Wydajność nie jest najmocniejszą stroną Pixela 9, choć na co dzień wszystko działa w nim bez zarzutu. Nie ma sytuacji, by coś przycinało czy muliło. W testach syntetycznych smartfon trochę jednak odstaje od flagowców nawet sprzed roku – np. w AnTuTu 10 Pixel 9 wyciąga ok. 1 mln punktów, a w 3D Mark Wild Life Extreme – 2570. Porównywalne wyniki osiągał testowany przez jakiś czas temu Pixel 8a z układem Tensor G3, choć z drugiej strony większy brat – Google Pixel 9 Pro XL z Tensorem G4– osiąga w AnTuTu 1,3 mln punktów. Trudno wskazać przyczyny w tak dużej różnicy między telefonami.

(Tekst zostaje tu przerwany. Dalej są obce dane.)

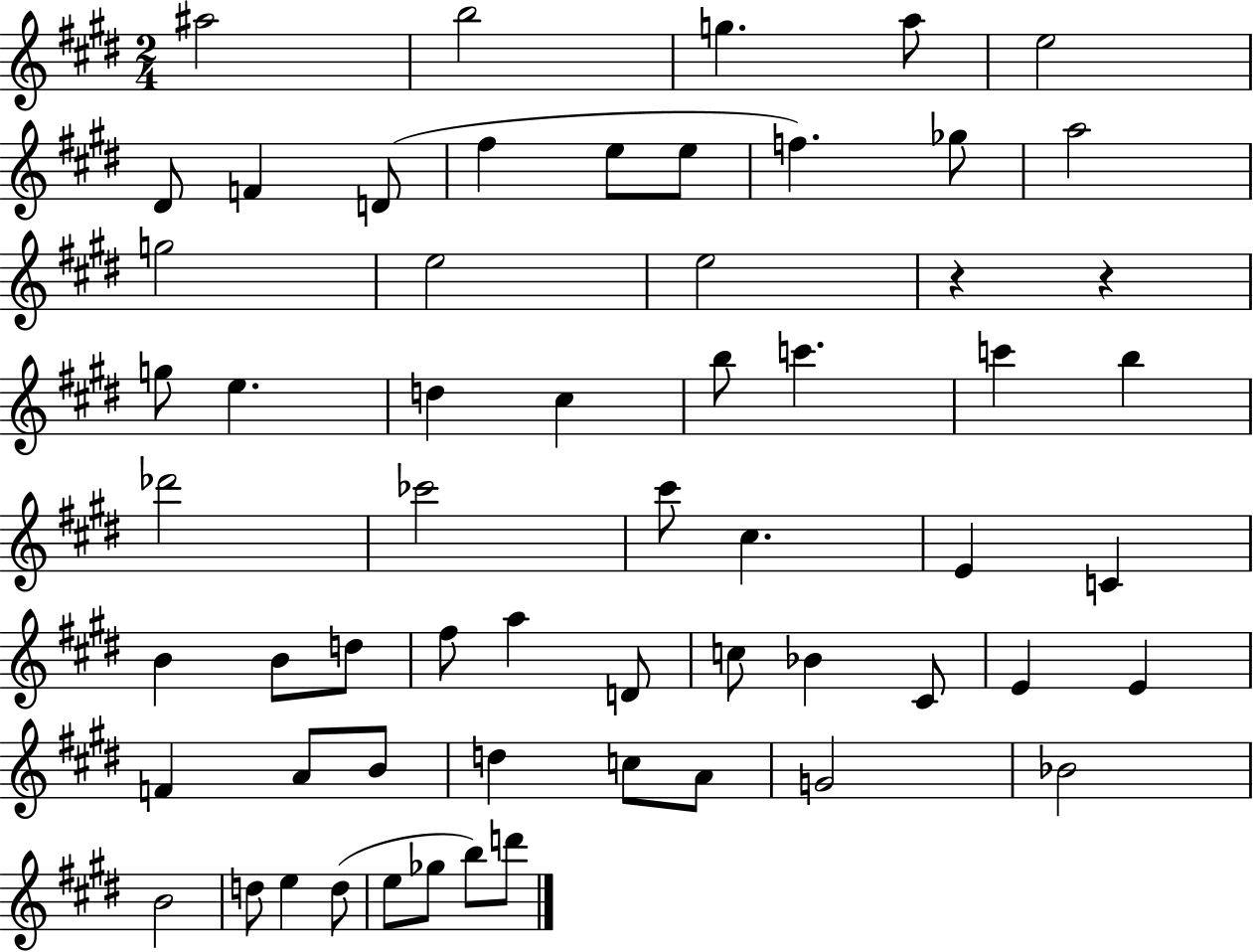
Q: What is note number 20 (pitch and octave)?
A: D5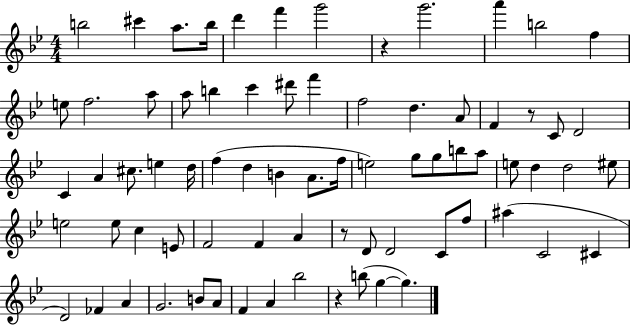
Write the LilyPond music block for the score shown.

{
  \clef treble
  \numericTimeSignature
  \time 4/4
  \key bes \major
  b''2 cis'''4 a''8. b''16 | d'''4 f'''4 g'''2 | r4 g'''2. | a'''4 b''2 f''4 | \break e''8 f''2. a''8 | a''8 b''4 c'''4 dis'''8 f'''4 | f''2 d''4. a'8 | f'4 r8 c'8 d'2 | \break c'4 a'4 cis''8. e''4 d''16 | f''4( d''4 b'4 a'8. f''16 | e''2) g''8 g''8 b''8 a''8 | e''8 d''4 d''2 eis''8 | \break e''2 e''8 c''4 e'8 | f'2 f'4 a'4 | r8 d'8 d'2 c'8 f''8 | ais''4( c'2 cis'4 | \break d'2) fes'4 a'4 | g'2. b'8 a'8 | f'4 a'4 bes''2 | r4 b''8( g''4~~ g''4.) | \break \bar "|."
}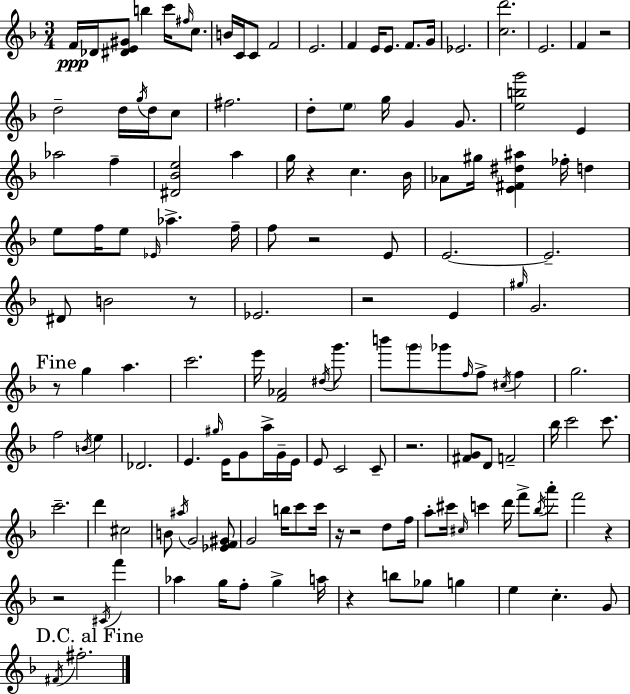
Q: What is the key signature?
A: D minor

Dla zwykłych użytkowników benchmarki nie mają oczywiście znaczenia, ale większa moc jest jednak przydatna na przyszłość – trudno przewidzieć, jak Pixel 9 będzie się zachowywał za 2-3 lata, a przecież ma obiecywane 7 lat wsparcia.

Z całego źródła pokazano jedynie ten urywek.